===== SOURCE RECORDS

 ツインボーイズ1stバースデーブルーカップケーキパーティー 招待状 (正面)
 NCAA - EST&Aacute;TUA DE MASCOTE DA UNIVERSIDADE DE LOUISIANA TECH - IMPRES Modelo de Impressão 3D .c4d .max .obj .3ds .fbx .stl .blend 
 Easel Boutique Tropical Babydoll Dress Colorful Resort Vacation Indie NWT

==========
===== SOURCE RECORDS

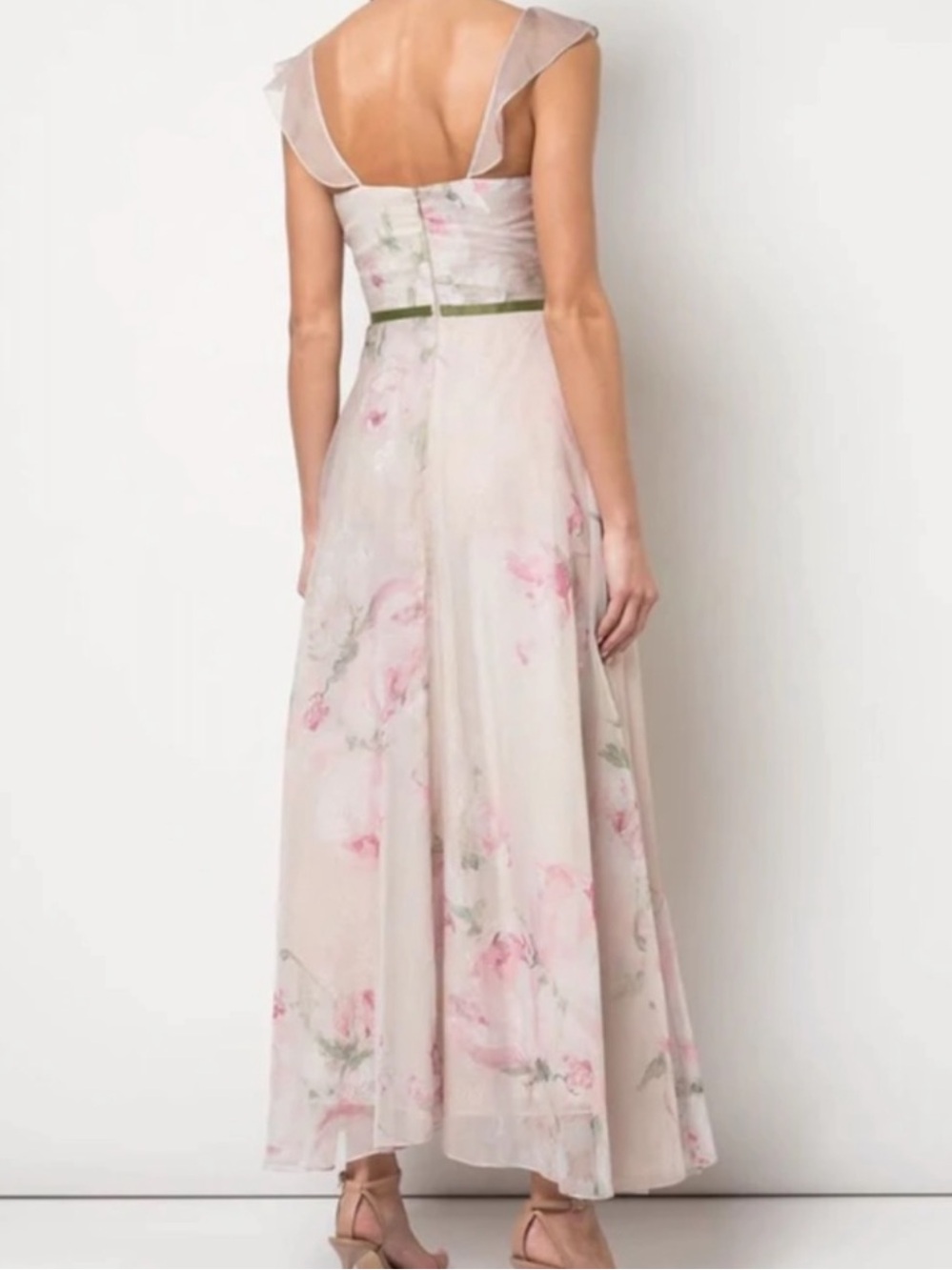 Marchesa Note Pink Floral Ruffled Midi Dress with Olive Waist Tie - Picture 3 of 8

==========
===== SOURCE RECORDS

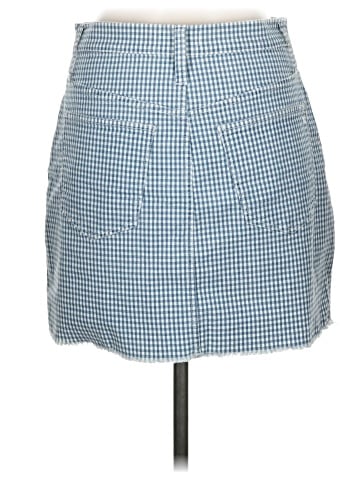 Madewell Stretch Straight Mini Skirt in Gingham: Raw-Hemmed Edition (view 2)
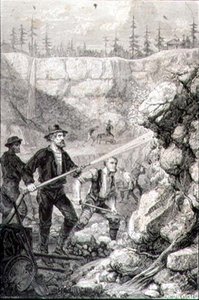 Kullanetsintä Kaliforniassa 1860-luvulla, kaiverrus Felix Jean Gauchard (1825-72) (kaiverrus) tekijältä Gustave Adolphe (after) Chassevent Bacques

==========

_EXERCISE REQUIREMENTS:_
Retype exactly the lines of the data above that fall between the line with "ツインボーイズ1stバースデーブルーカップケーキパーティー 招待状 (正面)" and the line with "Easel Boutique Tropical", inclusive, and add nothing.

_SOLUTION TO THIS EXERCISE:_
 ツインボーイズ1stバースデーブルーカップケーキパーティー 招待状 (正面)
 NCAA - EST&Aacute;TUA DE MASCOTE DA UNIVERSIDADE DE LOUISIANA TECH - IMPRES Modelo de Impressão 3D .c4d .max .obj .3ds .fbx .stl .blend 
 Easel Boutique Tropical Babydoll Dress Colorful Resort Vacation Indie NWT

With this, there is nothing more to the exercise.